[Captioned web images]
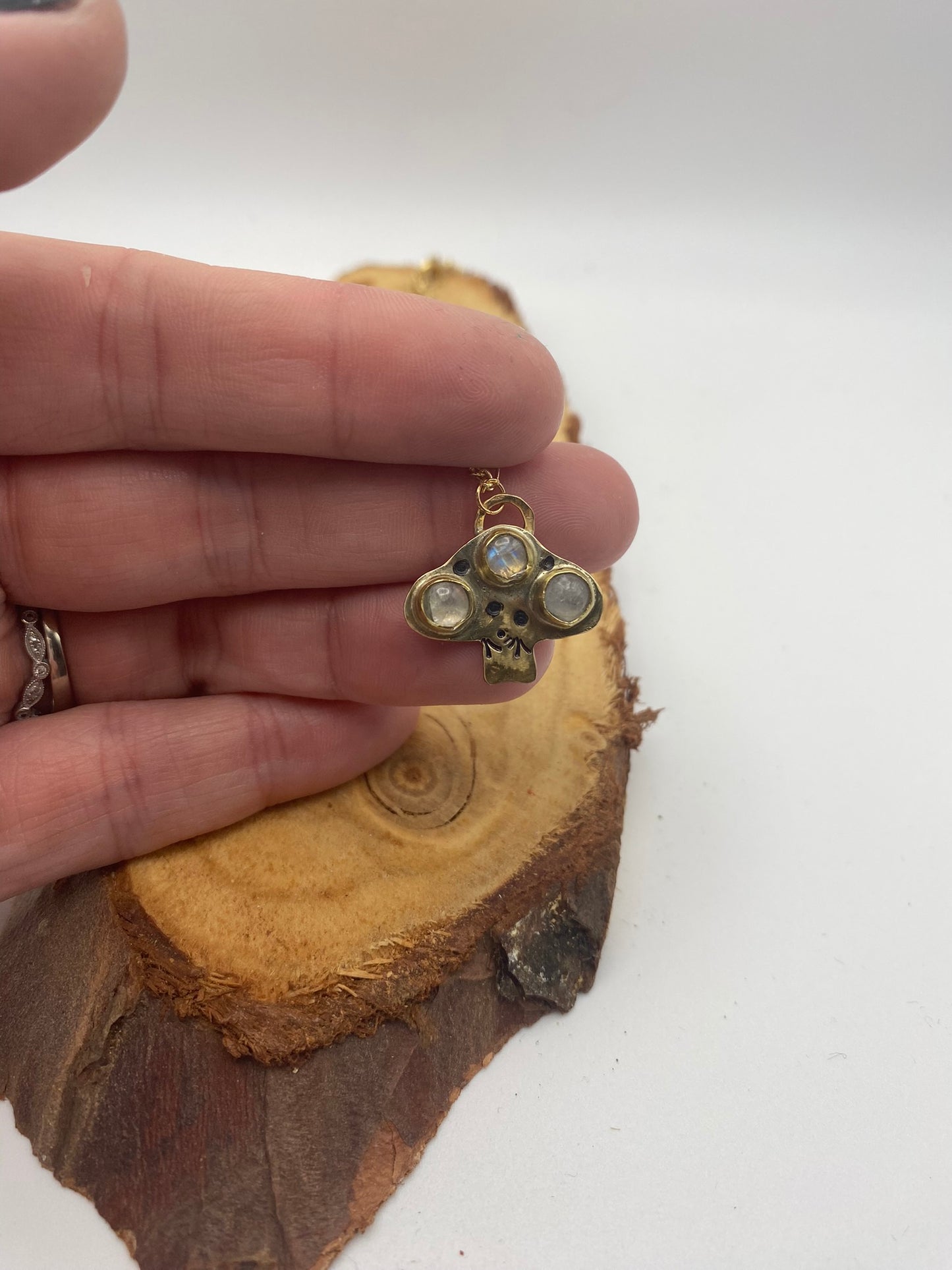 Rainbow Moonstone Magic Mushroom Pendant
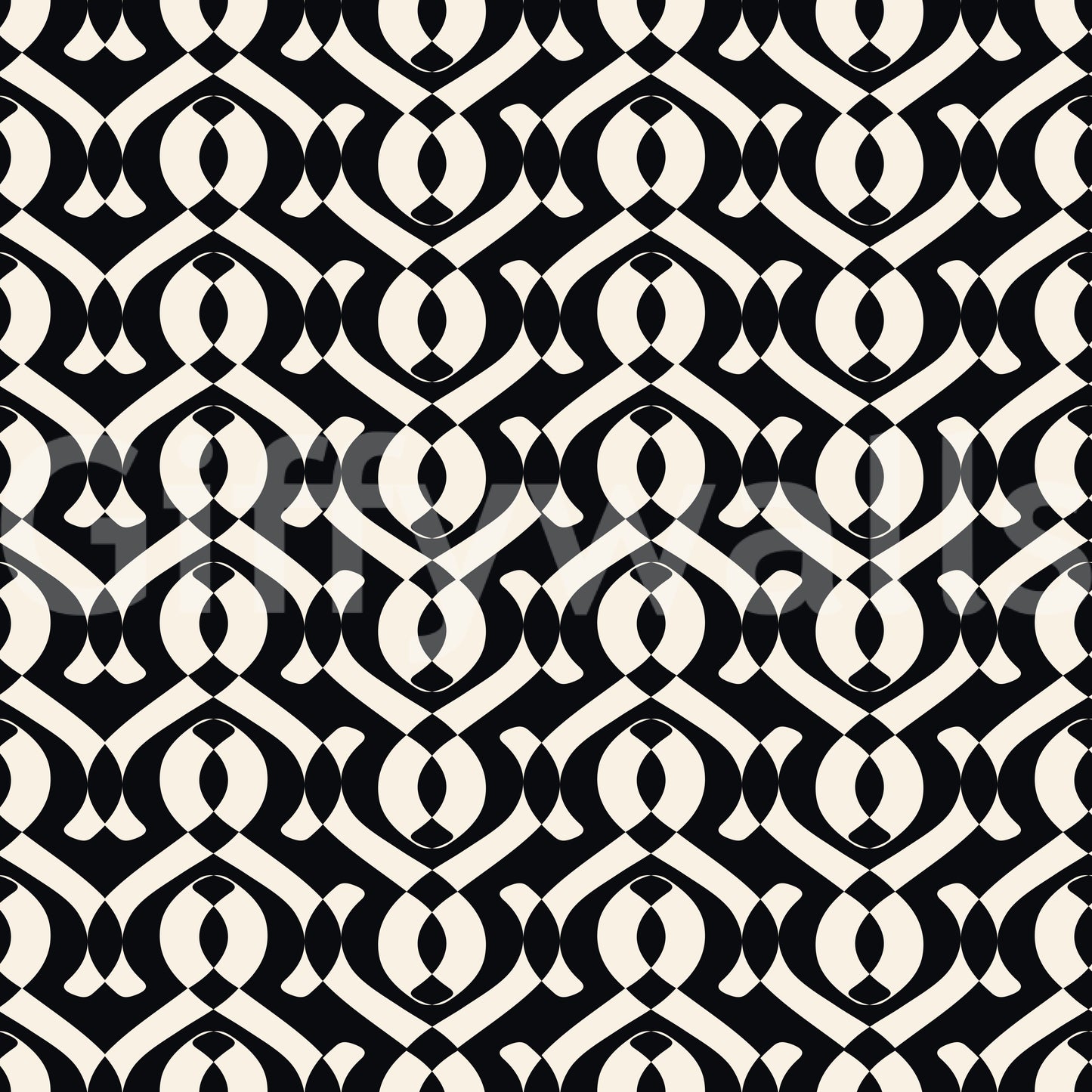 Papel pintado de curvas monocromáticas entrelazadas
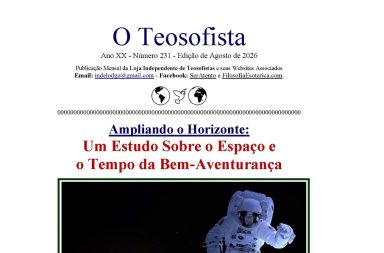Capa de O Teosofista de agosto de 2026 mostrando um astronauta a flutuar no espaço acima do planeta Terra.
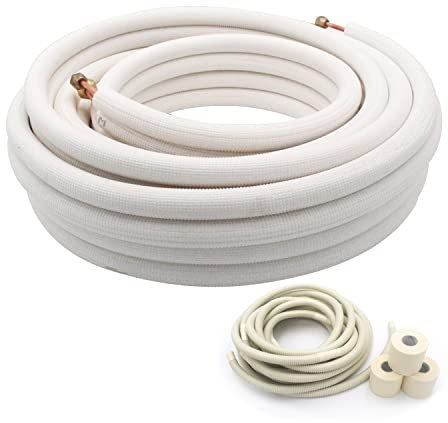 Kupferrohrverlängerung, 3/8 Zoll PE verdickt für Mini-Split AC und Heizgeräte, isolierte Spulenleitung HVAC Kältemittel mit Muttern (1/4 Zoll & 1/4 Zoll & 1/2 Zoll 5.1 cm * 0.95 cm PE mit Muttern)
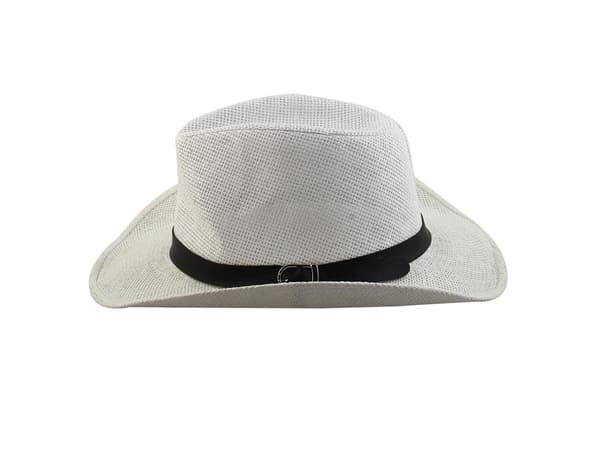 Herr Utomhus Halm Flätad Konstläder Band Dekor Western Stil S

Exercise brief |
Copy out all the records exactly, excluding pictures.

Answer space |
 Rainbow Moonstone Magic Mushroom Pendant
 Papel pintado de curvas monocromáticas entrelazadas
Capa de O Teosofista de agosto de 2026 mostrando um astronauta a flutuar no espaço acima do planeta Terra.
 Kupferrohrverlängerung, 3/8 Zoll PE verdickt für Mini-Split AC und Heizgeräte, isolierte Spulenleitung HVAC Kältemittel mit Muttern (1/4 Zoll & 1/4 Zoll & 1/2 Zoll 5.1 cm * 0.95 cm PE mit Muttern)
 Herr Utomhus Halm Flätad Konstläder Band Dekor Western Stil S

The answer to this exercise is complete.